I'm leaning towards Timsort since it kicks ash in Python
What are your thoughts? Pros & Cons?
The constraints make it sound like counting sort is the way to go.
Definitely counting sort, runs in O(n + m), where n is a million and m is 99 in your case. The con is that it also uses up O(n + m) space, which is quite alot when n = 1.000.000, but it will run in linear time.
If you use Quicksort you can get away with O(log n) space usage, but then you would have O(n log n) running time on average.
There is no perfect algorithm for the job. Which is most constrained in your case? Space or speed?
I'm including the size of the output because counting sort cannot be performed in-place, so the OP would need an extra array of size 1.000.000 for the output, whereas with various other sorting algorithms you wouldn't need an output array at all.
Wikipedia seems to have a different opinion than me though :-) It seems there is a version of counting sort that can be performed in-place, however it won't be stable then. In this case the space requirements would be just O(m).
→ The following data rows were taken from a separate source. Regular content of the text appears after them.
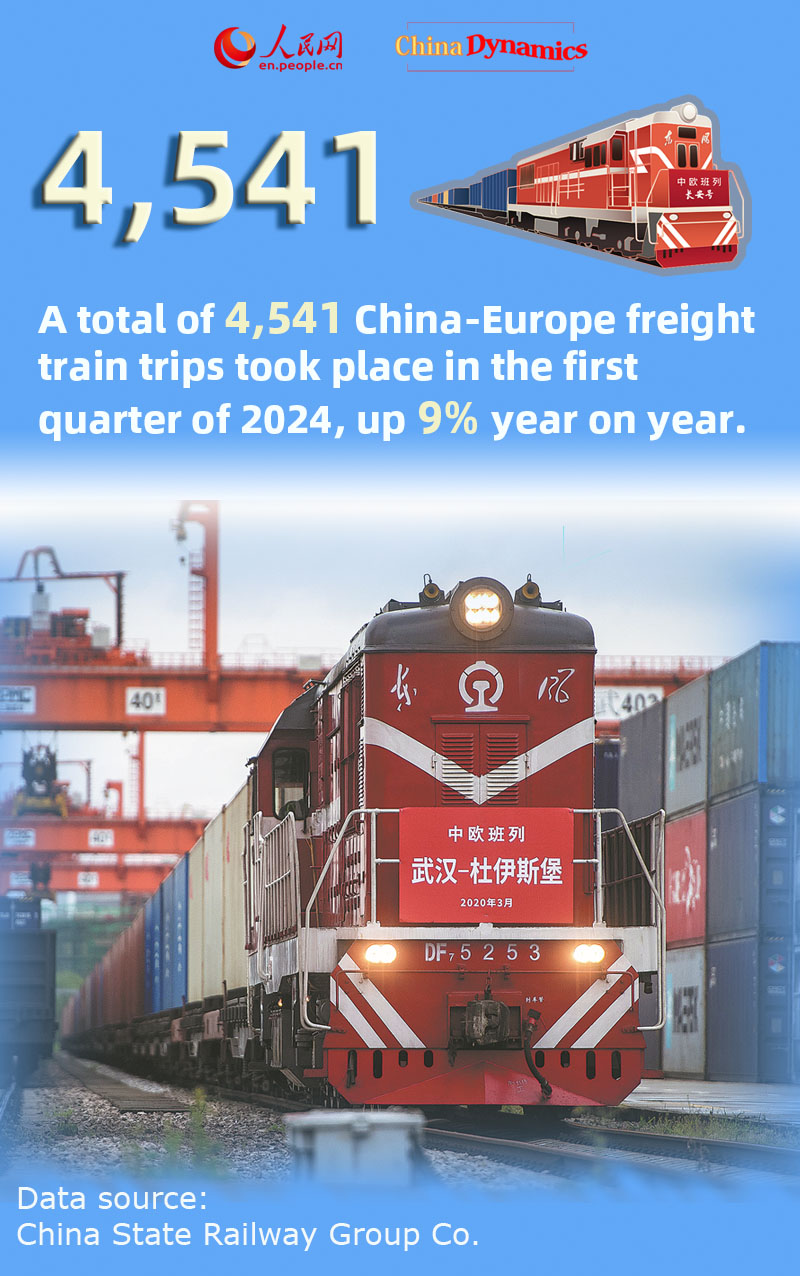 China-Europe freight train services see robust expansion in Q1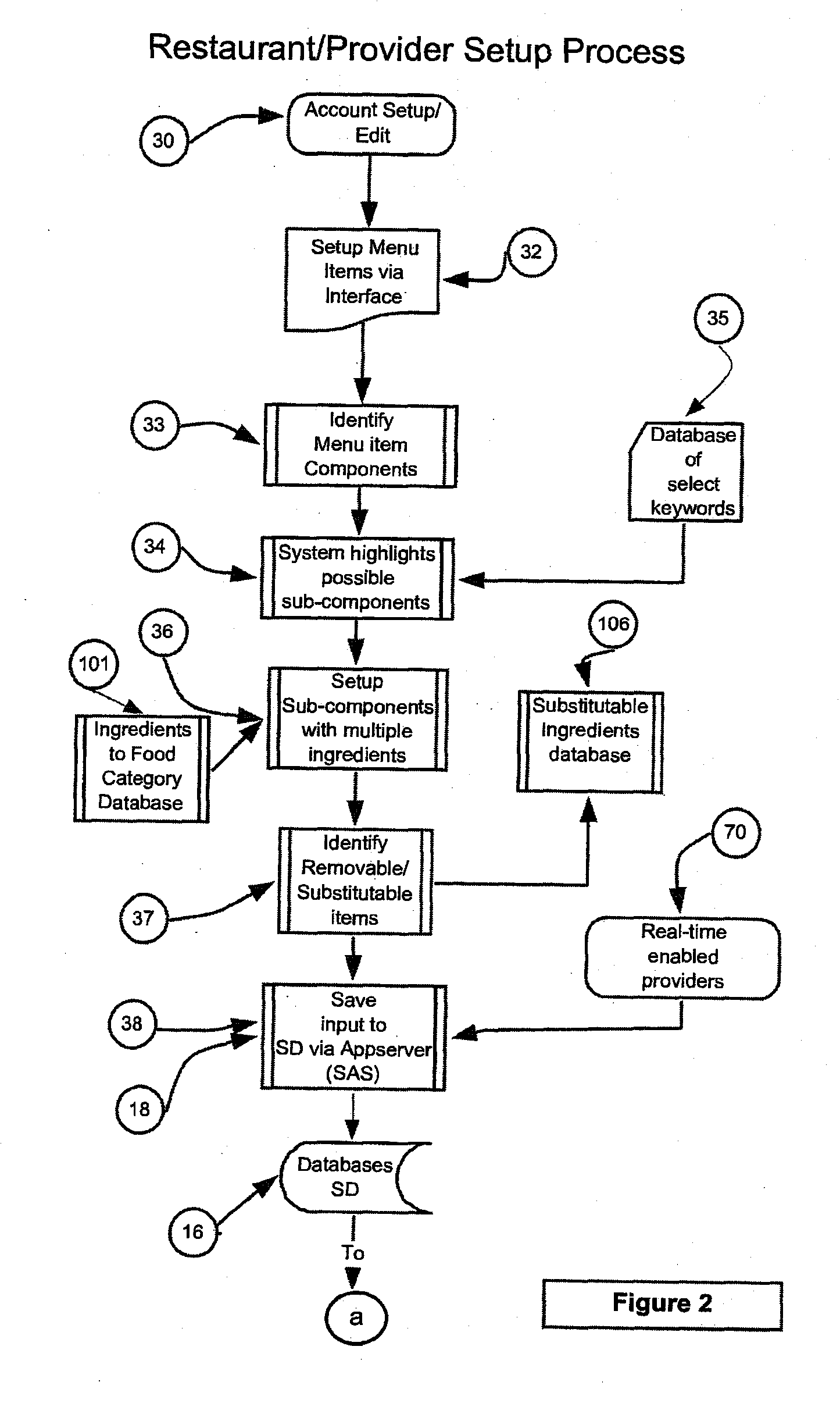 Ingredient based food allergen detection system for use by food service providers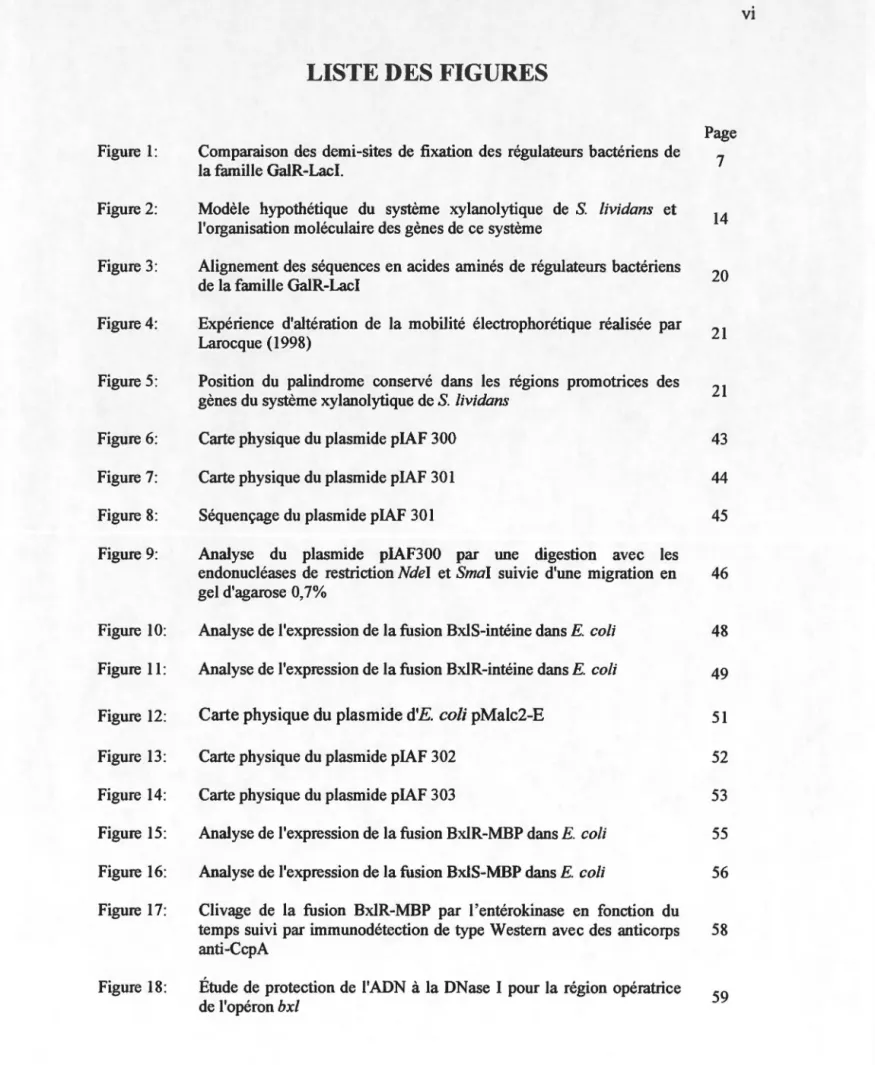 Figure  1:  Figure 2:  Figure 3:  Figure 4:  Figure 5:  Figure 6:  Figure 7:  Figure 8:  Figure 9:  Figure  10:  Figure  11:  Figure  12:  Figure  13:  Figure  14:  Figure  15:  Figure 16:  Figure  17:  Figure  18: 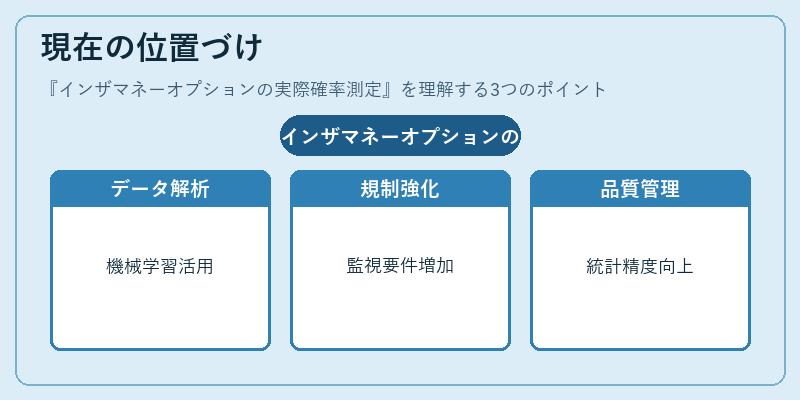 現在の位置づけ(インザマネーオプションの実際確率測定)の図解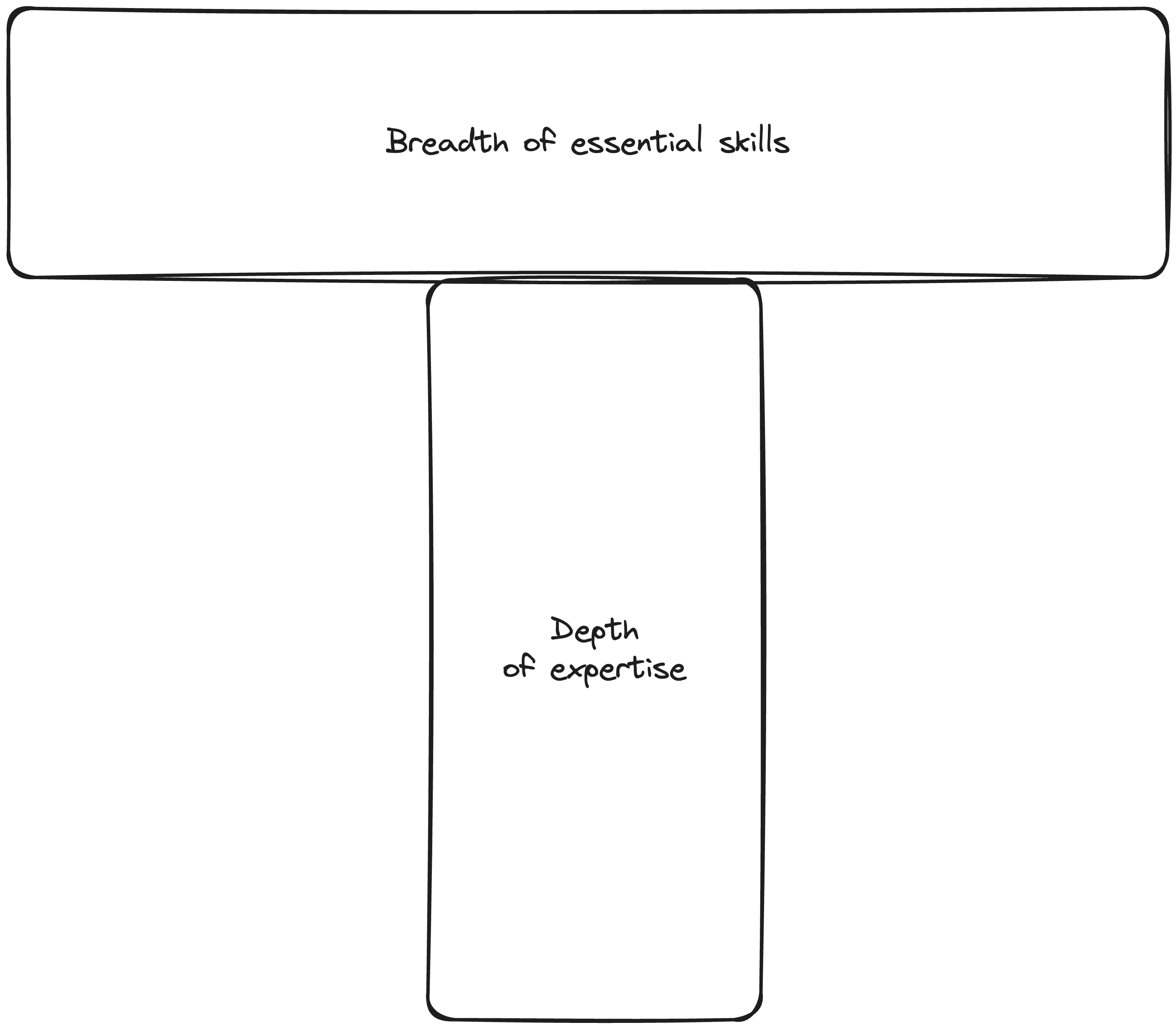 T-Shaped Foundation - Deep expertise in one area, broad understanding across others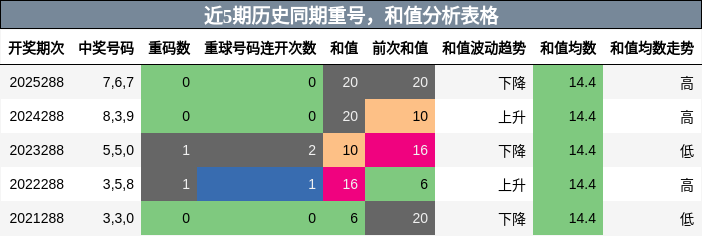 重号分析,和值分析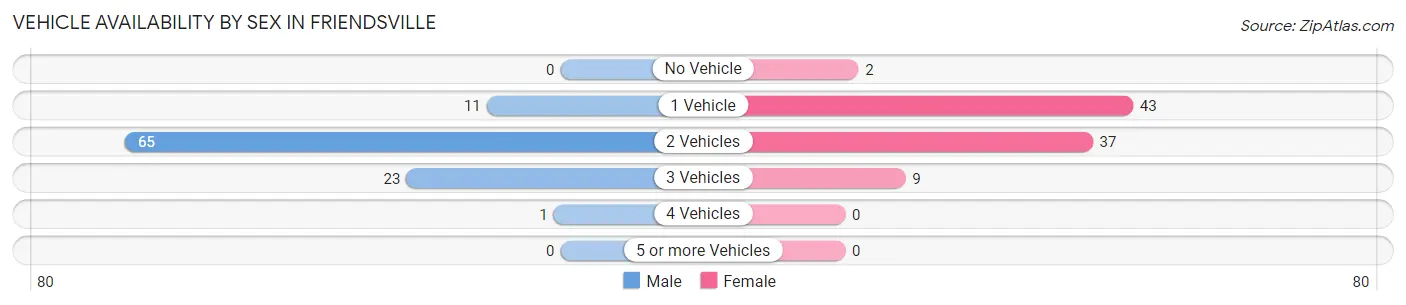 Vehicle Availability by Sex in Friendsville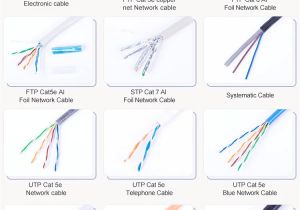 Cat5e Straight Through Wiring Diagram Cat5e Twisted solid Copper Outdoor Cable Cable Manufacturer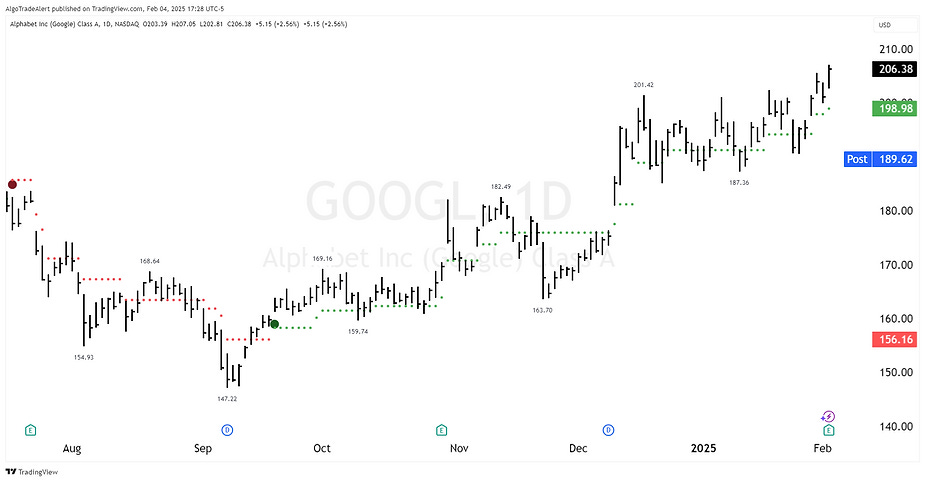 Google Daily Stock Chart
I didn't know of this special version of counting sort when i first replied.
O_o
The space requirement for the generic "Counting Sort" is 'O(n + m)'. Period. The output array is memory that is required by the algorithm. Pretending that memory doesn't count because "it is an output" is wrong. Pure and simple. If I tell you that an algorithm requires 'O(m)' extra space when it requires 'O(n + m)' I'm lying. You have to account for that space because choosing between two algorithms may come down to space requirements and some algorithms do only use 'O(m)' space.
A dozen or so special purpose variations of "Counting Sort" exist. They each have different "trade-offs". You can't properly choose between these variations if you start excluding the details.
Soma
I would do it using a 100 element array of integers.
Note: The solution is NOT really a sorting algorithm; but, the output is based on the input.
It is more like an data compression and sort algorithm combined.
Tim S.
If you are curious, this is an instance of a "distribution sort".Quote:
It is more like an data compression and sort algorithm combined.
It is conceptually the "first half" of "Counting Sort" optimized for integers values as keys.
Soma
Choosing between an in-place and an out-of-place sort does not require an ivory tower analysis.
Precisely.
And just to be clear, the array of 100 counts allows you to reconstruct the sorted data over top of the original data, should you not need to retain the original data.
If you really really needed maximum speed, then a counting sort with parameters such as those that are proposed here would lead itself to parallelism fairly well. Say four threads each processing a quarter of the input, and four arrays of 100 items that can be added together prior to data reconstruction, would kick ass.
Of course having such perfect parameters such as the stated problem practically never happens in practice.